The prolonged absence of his father and the birth of Henry Clemens had a disturbing effect on Sam, now three. He was accustomed to his position as the center of family attention, and the breakdown in family cohesiveness and the sudden appearance of a competitor started explosions of unprovoked rage. By day, Sam became wild and unmanageable, except during his periods of illness, which diverted Jane's attention from the rival child, Henry. At night, he began sleepwalking, almost always toward Jane's bed. The world that Sam knew had shattered. Every day, friends and family abandoned Florida; his father's departure seemed permanent to him. His favorite spots fell still: The mills stopped; the flat-bottomed boats remained tied up at the wharf. The slaves, anxious about their fate in the new order, shunned Sam. These events deeply unsettled the little boy.

Then came an incident that cemented the development of the boy's young psyche. His mother Jane, who perceived Sam as a sickly, sensitive boy, saw his sleepwalking as evidence of second sight. She believed he was clairvoyant; his survival after his birth during the presence of Halley's Comet indicated supernatural abilities. A handsome child, noted for excitability and his red curls, Sam played to this perception. Even before his fourth birthday, he provided his family a disturbing confirmation of his special abilities. One August night, in 1839, Sam rose and walked, still asleep, into the room where his sister Margaret, nine, lay ill. With his small hand, he plucked at the coverlet of his sister's bed, a gesture associated in the Missouri folk-mind with imminent death. A few days later, Margaret died. The family concluded that Sam had foreseen the event.

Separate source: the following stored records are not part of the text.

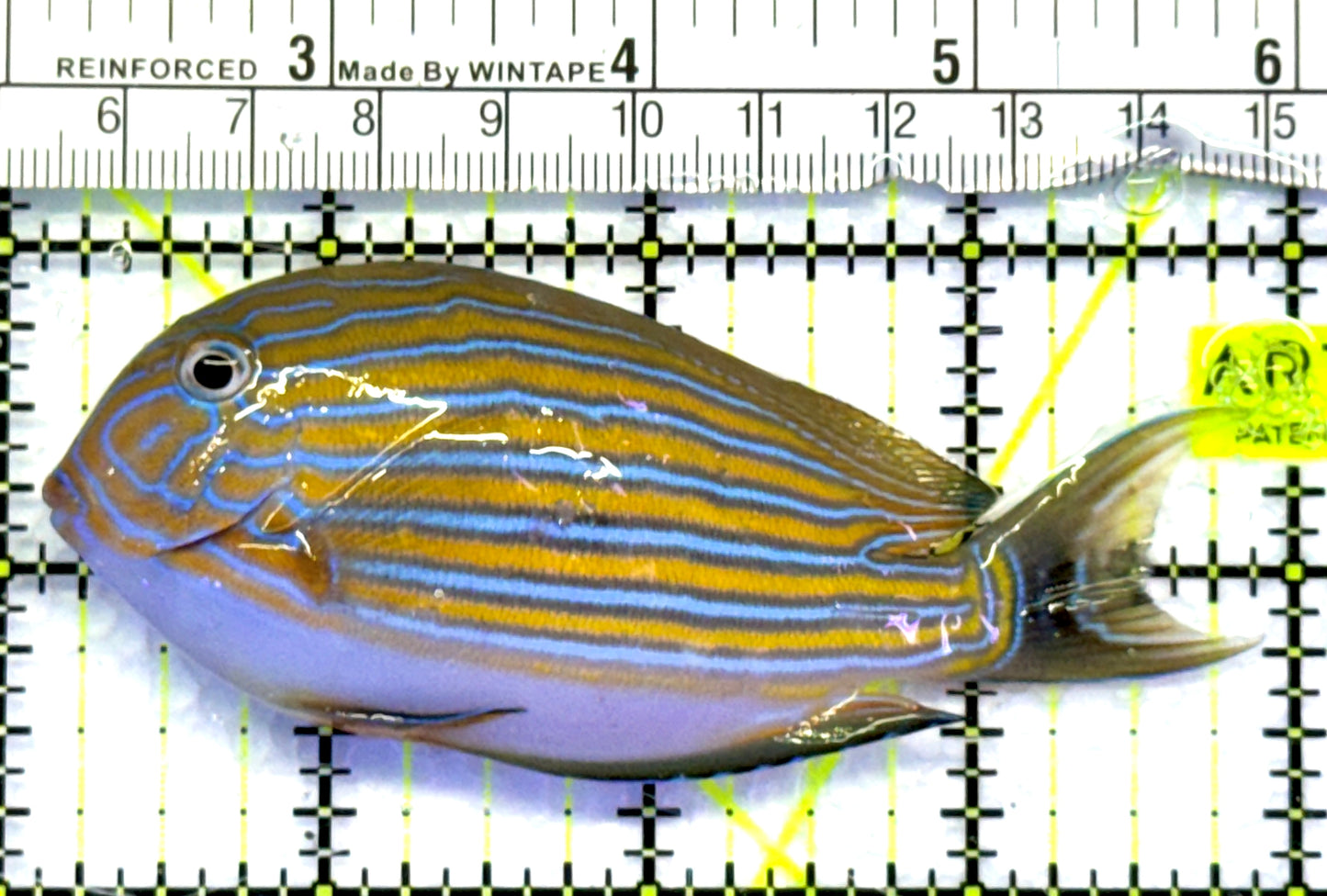 Clown Tang CT083104 WYSIWYG Size: M 4" approx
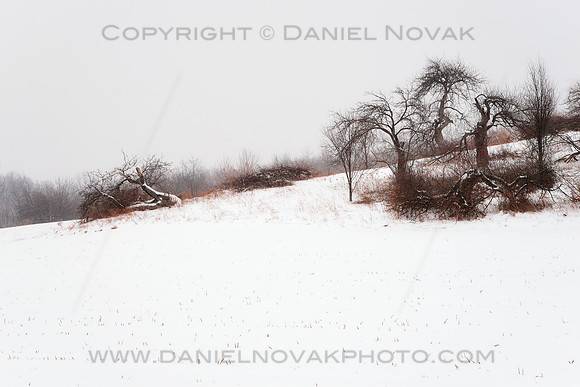 Dancing Down the Slope, Group of Trees in Winter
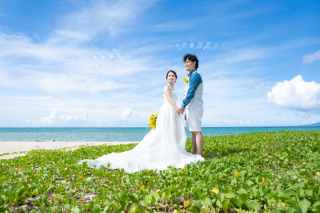 ヒマワリのように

Sam did not understand the odd way everyone looked at him after his sister's death; he confused his supposed foreknowledge of Margaret's death with a responsibility for it. In his own mind, he became the instrument of his sister's demise. By confirming his mother's belief that he had a clairvoyant's gift, Sam also created a profound and reflexive guilt in himself. Though his later religious training emphasized guilt, his direct experience with it made those feelings endure vividly into adulthood, long after Sam Clemens had discarded almost every other trapping of his original religion. Throughout his life, that powerful, almost primal, guilt would resurface when anyone close to him died.

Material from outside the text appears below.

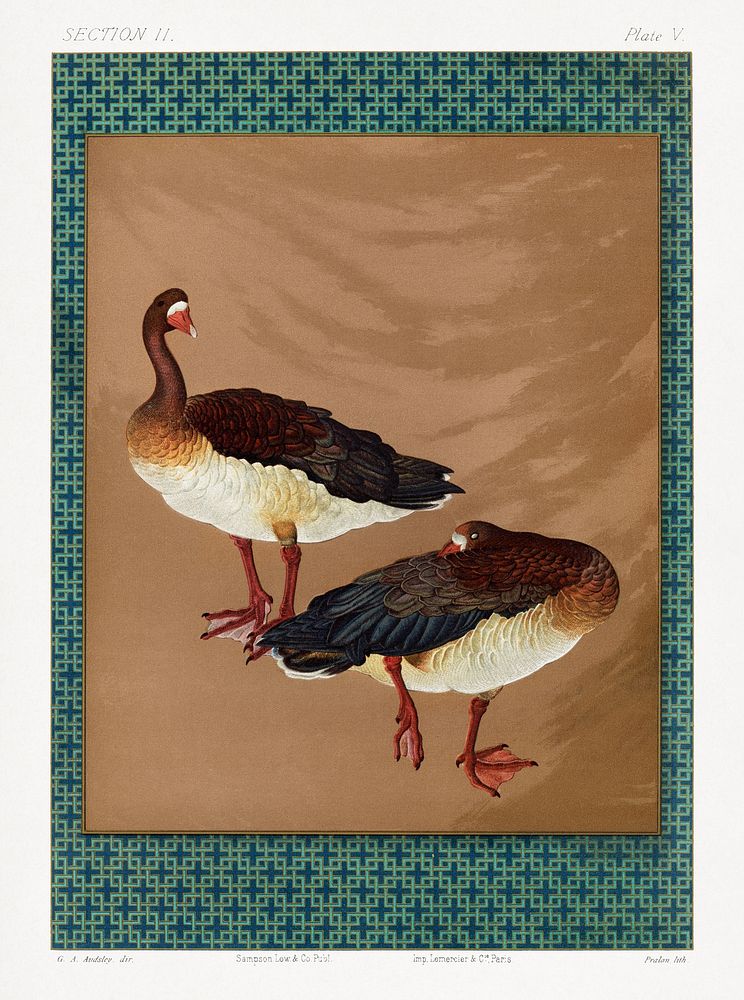 White-fronted goose, vintage painting by G.A. Audsley-Japanese illustration. Public domain image from our own original 1884…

The removal of the family from Florida a few months after Margaret's burial deepened Sam's feelings of responsibility. Coming so soon after Margaret's death, the move seemed to Sam the direct result of it. With this one change, Sam lost not only his cousin-playmates, but his goodhearted and expansive Uncle John and the wise and tender slave Uncle Dan. In return for these losses, he gained only the regular presence of the taciturn and unbending John Clemens. Jane, mourning both Margaret and the loss of her family's support, relinquished most of her joy. John Clemens traded his local holdings for a few small housing lots and a new hotel in the Mississippi river town Hannibal, a magnet for Missouri's disaffected, from washed-out utopians, like those of Marion City, to recession-frozen hopefuls, like the Clemenses of Florida. Since most of the human personality is formed before the age of five, Florida was as fundamental to Samuel Langhorne Clemens as Mark Twain would later make Hannibal appear. In the eyes of a four-year-old, the move from the safe and convivial Florida felt like a payment for his ambiguous responsibility for the death of his sister, a banishment from Eden. It was an imitation of death. Later, in his fiction, Mark Twain named his imaginary blend of Hannibal and Florida St. Petersburg, for the heaven that stands closed off behind the gates Saint Peter guards.